During the pregnancy, Margarita's mother struggled to accept her daughter's role in the process. A traditional mother, she had been slow to recognize the women she brought home as legitimate partners. She'd ask about Amanda's expectations for motherhood, without asking Margarita.

Levi completely redefined the relationship.

"She'll post pictures of him: 'My grandson,'" Amanda said. "The fact that she even acknowledges that he's her grandson is a big deal."

"You can't deny a baby, you know," Margarita said. "No matter how much you disagree with something, how much my mom maybe felt a little weird about it, or disagreed with it, you can't deny a baby. You look at their eyes and you see."

Margarita has long ago overcome her fear that her biological absence will render her the third wheel of the family.

"Especially now, he reaches out, it just makes you feel good," she said, staring at him. "It makes me feel like, OK, I'm doing my part and I am a part of him and it's not just my head saying, He'll never connect."

They went, as a family to visit Jesse again last year. After another round of insemination, Amanda is due in July—it will be Jesse's 15th biological child. Jesse, unlike Ryan, considers himself a father to all his offspring. He can name them all in order and even tries to keep track of their birthdays. He'll check in with the Bayluses occasionally, on birthdays or Mother's Day.
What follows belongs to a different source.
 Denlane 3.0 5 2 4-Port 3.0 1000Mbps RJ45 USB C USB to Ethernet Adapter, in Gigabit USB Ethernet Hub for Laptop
While in Sacramento, Margarita was relieved to see that there was no magical bond between Levi and "Uncle Jesse." They don't even really see a lot of similarities between the biological father and son.

Jesse, on the other hand, was overwhelmed. He had to swallow down a knee-jerk feeling that he was abandoning Levi, a feeling that was softened watching Margarita and Amanda parent. He was speechless, he said, and while he was careful to respect his role as the biological father, to maintain his role as Uncle Jesse, he was overwhelmed with emotion.

"I mean, I'm sorry, but I just can't even put it into words," he said. "There's my son."

Amanda and Margarita Baylus, with their son Levi

Earlier this month, I knocked on the Baylus's door and Levi answered. The two-year-old smiled at me in the doorway. While we waited silently for his mom to catch up, I was struck, in the same way I was struck the first time I met the family, by his existence.

I'd interviewed dozens of men and women from the site about all of the awkward body fluid hand-offs and tentative contact agreements—but here was this kid, not an abstraction, weightier than all of the strangeness that led to his being born.

Sitting under the avocado tree that shades their well-kept suburban home, Amanda, Margarita, and I talked about all the politics and perceptions of Known Donor Registry. While we talked, Levi didn't say a word. Who knows how he'll feel about his parentage in a decade, but on that day, he played in the backyard with an ordinariness that was almost cliché, smiling, showing me his clown doll, and popping wheelies on his plastic ride-on truck.